When the crown is placed on his head, King Charles will also be wearing another robe on top of the Supertunica. The Robe Royal (Pallium Regale) has imperial eagles crafted in silver thread decorating the corners of this four-square mantel. The symbolism of this robe is more spiritual than temporal.

At the end of the ceremony, the Imperial Robe, also known as the Robe of Estate, is worn. This is the robe that will feature in the coronation portraits and is a purple silk and velvet robe, embellished with embroidered ears of wheat, displayed down both sides of the train,  representing peace and plenty, with a three-dimensional embroidered golden crown.

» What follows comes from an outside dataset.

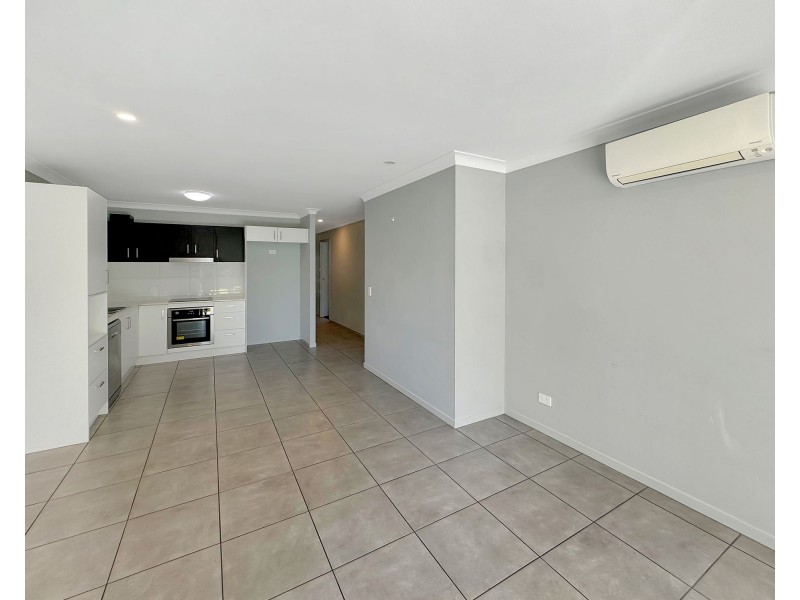 1/4 Radmila Court, Bellbird Park QLD 4300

Each of these robes are symbolic and essentially aspirational. They are a display of the historical expectations which lie heavily upon a newly crowned monarch. There is much for King Charles to live up to as he dons robe after robe on his coronation day.

It should be no surprise that a ceremony with its origins in medieval times, when the Church had control over these matters, should be drawn from parts of the Bible.

In the Old Testament, instructions for Israel’s annual Day of Atonement (Leviticus chapter 16) prescribed the garments that the High Priest would wear as he fulfilled his duties on that important day. He had “garments of beauty and glory” which dignified his person, covering him with beauty and glory which in himself he did not possess. Prior to his entrance into the holiest place within the tabernacle, he had to divest himself of these garments and “put the holy linen tunic and the linen trousers on his body; he shall be girded with a linen sash, and with the linen turban he shall be attired. These are holy garments” (Leviticus 16:4).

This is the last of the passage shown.